My Christmas tree is most certainly NOT taken down, nor are any of my other Christmas decorations.  It is still very much Christmas around here, most especially in my heart.  I don't ever want this season to end, the awe and wonder I feel just sitting here looking at my tree with the toy nativity set under it.  My children are home.  My eyes are full of tears.  I have waited a long time for this Christmas, for these moments of being a mom, and I am going to keep soaking it all in, even if my tree is still up come February!

The view from where I sit.
There has been something magical about coming home with our children this time of year, during the season we celebrate Jesus' birth.  Our children's very first day in our house was Christmas.  The very first story we read to them here, was the Christmas story.  Marc read and I acted it out with our toy nativity set and explained in Thai.  All of the books in the downstairs of our home are Christmas books, many of them with the story of Jesus' birth in them, so the kids keep bringing them to me to look at and read with them.  Yes, yes, I will stop what I am doing and tell you again about Jesus' birth and how much He loves you.  Oh how I have waited and longed for these moments.

A few of the children's Christmas books that I love!
They had never opened presents before so that was a fun first.  They figured it out pretty quickly! We made a turkey on Christmas day and the kids loved it, of course they ate it with rice!  A dear friend dropped off a cake and candles so we could sing happy birthday to Jesus and after some discussion over who should blow out the candles, we all blew together.

Together, together at last. For those of you who are still waiting, hang in there and hold on to hope.  The dream of having children really can and does come true. 

Yesterday, while I was cleaning up the kitchen, I heard a soft song coming from the other room, my dear son was singing God is So Good, with his own sweet pronunciations of the words.  God is so good.  The first time I sung this to them, I couldn't get through the song.  God is so good-a truth that I hope my children will always cling to, no matter what their struggles are in life, this is a truth that I hope sinks deep down inside of them and that they will always believe.

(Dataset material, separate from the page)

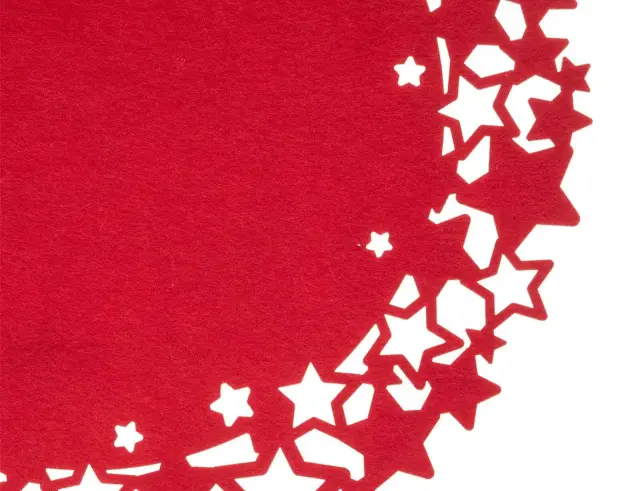 Σουπλά Fééric Lights & Christmas με διάμετρο 38cm - Red 183365 2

For those of you who are wondering, things are going amazingly well.  Marc and I are simply amazed at how well our children have transitioned and are adjusting to life with us.  Sure, we have some difficult moments here and there, but overall we could not ask for things to be going any better.  The kids are playing hard, sleeping plenty, eating well, cuddling lots, learning new things and smiling and laughing constantly.  They are loving all their new toys-baby dolls and cars, Duplos and dishes, crayons and stickers, and their rooms.  I will have to post finished pictures of their rooms at some point, it has been fun watching them explore!

1 comment:

  1. I am SO happy and thankful for such a beautiful story of such a wonderful Christmas! Praise God!